You would do well if you can get that other job, even if only for a while. Maybe you could go back to NICU if/when the schedule would be either days or nights.
I wish you well. You can't pour from an empty vessel; take care of yourself as you care for others.
hppygr8ful, ASN, RN, EMT-I
4 Articles; 5,187 Posts
As you state that part of your emotional state is due to some traumatic patient losses I would suggest you seek out a mental health professional for a Critical incident stress debriefing. Your employer should do this for you but if not check with your facilities EAP program If you have insurance you can go that route.

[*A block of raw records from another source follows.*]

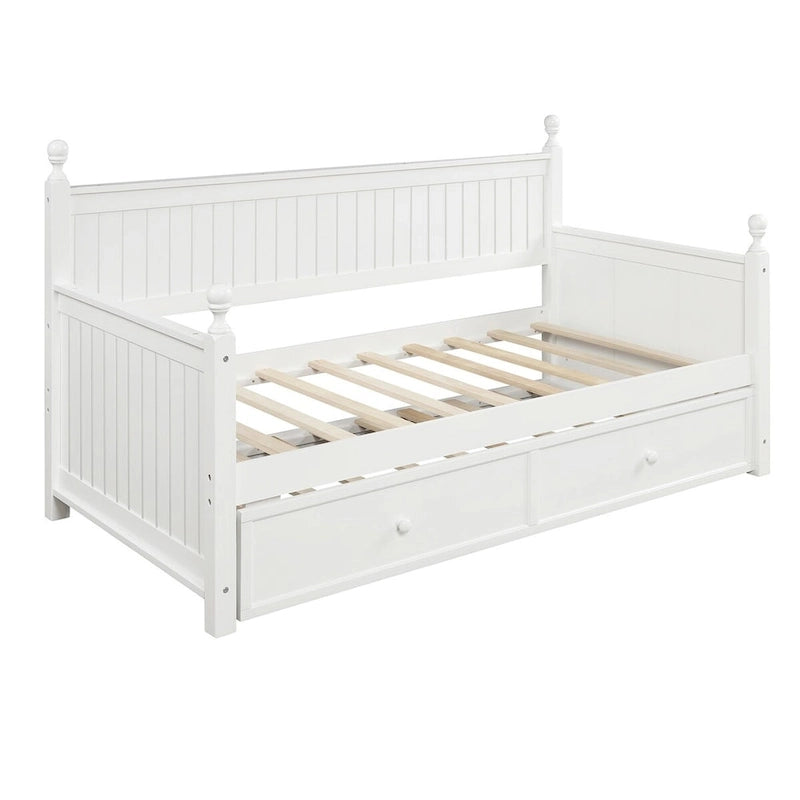 Divano letto singolo in pino bianco con letto estraibile e vano contenitore a scomparsa, struttura a doghe, nessun box spring necessario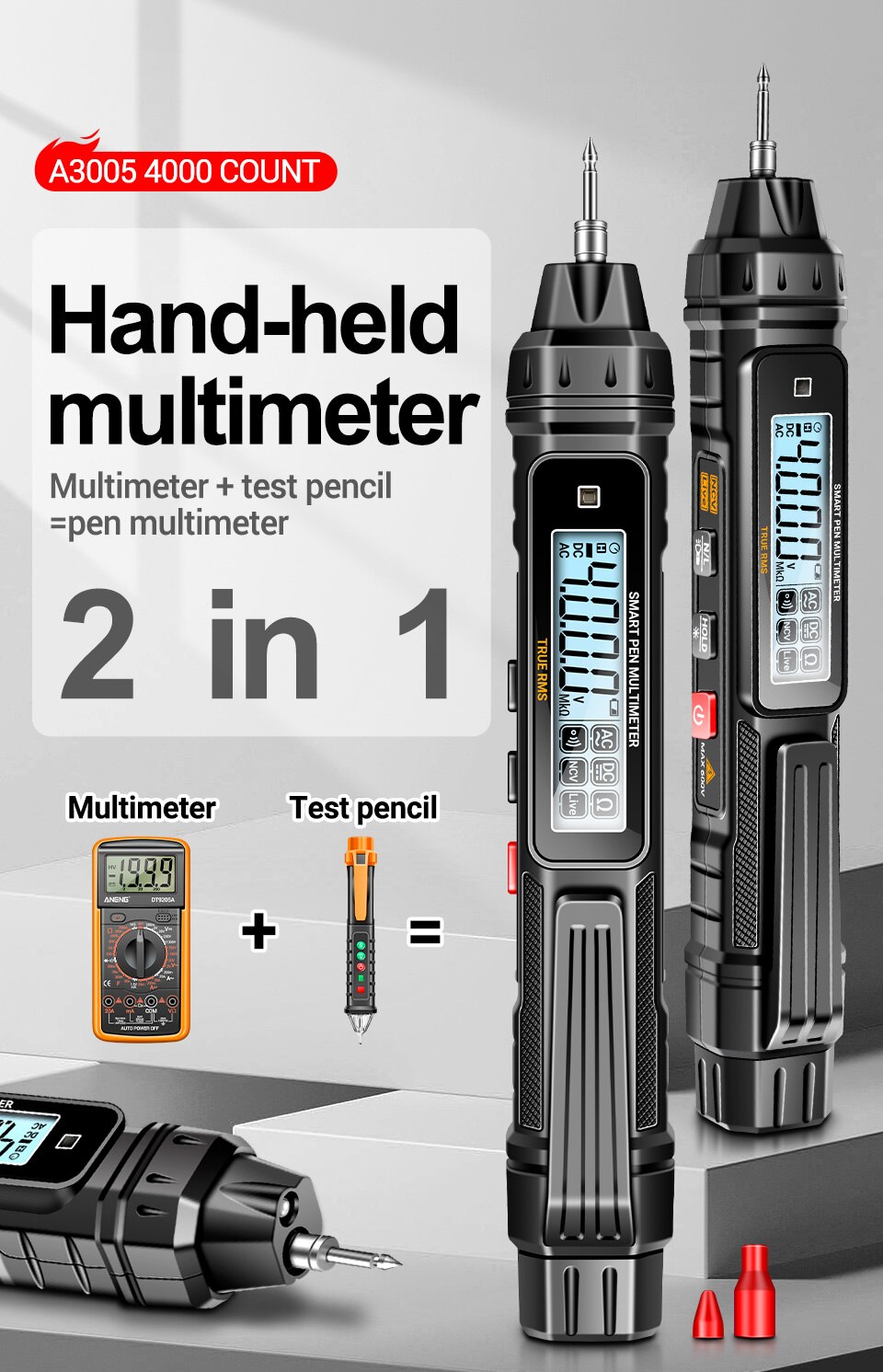 ANENG A3005 Digital Multimeter Pen Type 4000 Counts Professional Meter Non-Contact Auto AC/DC Voltage Ohm Diode Tester For Tool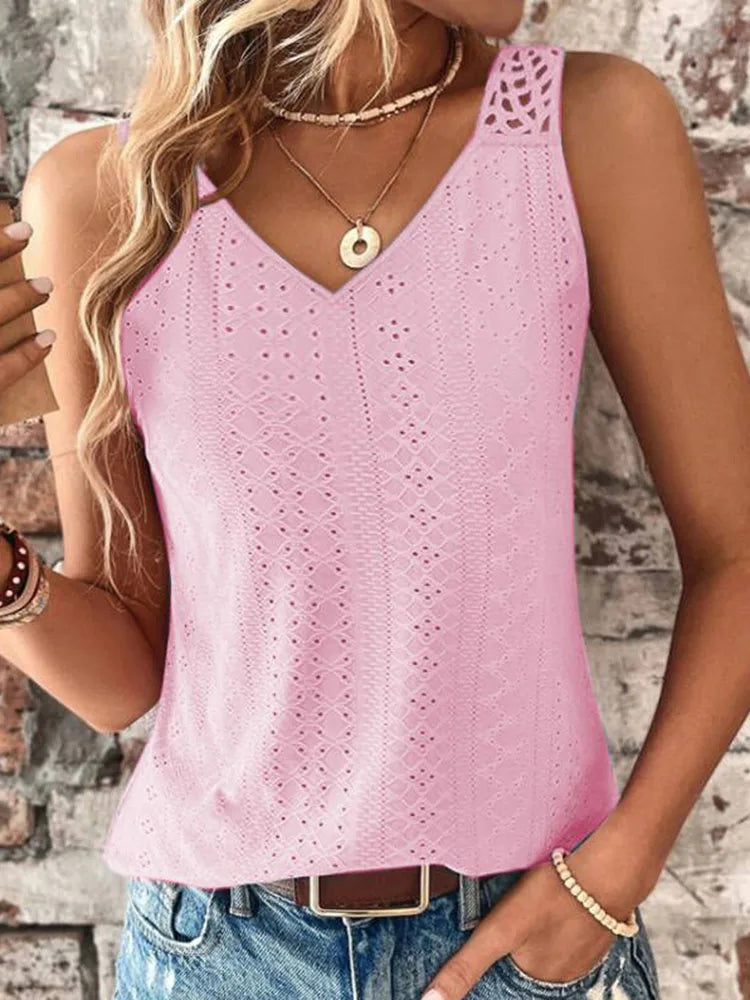 Vintage-Inspired Lace Back V-Neck Tank Top for Women - Comfy and Stylish - Multiple Colors Available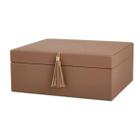 Caixa Organizadora Marrom C/ Franja 18217 11x27,5x23,5cm Mart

I would not suggest that you make a change in this state of emotional turmoil. Do you have PTO can you take some time off? Once you are feeling better rested and in a good place emotionally then go out and show them who you are!
Dafabb, LPN
123 Posts
As a Nurse you are a baby. I am an LVN and I have now been a nurse for 45 yrs. I have seen a lot of Nurses burnout and keep working and I will say when it takes hold it is not pretty to see. I have P&^^ several nurses off over all these years. I have also gotten very disgusted with nursing but I was also very fortunate. I have worked every department in a big hospital there is except PACU. It was not even invented until much later. From ICU-OBGYN I have worked. I have also done agency and traveled I think that is what has saved me in the long run I mix it up. I still love nursing but in truth I would now like to go remote. When you feel burned out change to a different dept. for a short time. Also you must know it takes a very special person to be able to work NICU. I think out of the entire hospital NICU nurses are the smartest and almost angel like along with the Dr who takes care of them. The reason for saying this is that these babies can not tell/show you anything you have to know or know what to look for. You have to have that special 6th sense in NICU. And you also have to be able to see those babies die at some point. Not everyone can do that. I can not and I am an OX in strength. Babies and small children are my weakness. I chose to only do those areas PRN which I did get a lot of practice over the years but NICU once or twice. If that is a problem with you maybe you need to rethink where you want to go OB/Babies was great and I had a ball. I did many yrs PRN/float to these areas. Burnout in nursing is huge now it use to be 5-7 yrs. Now who knows. You can listen to others as I have given you some solutions but in the end do what you need to do. I forgot also get off the rotations it will kill you much earlier(stats) Work one shift only and others only if you want to do PRN. If they have a problem with that find a job/hospital that won't.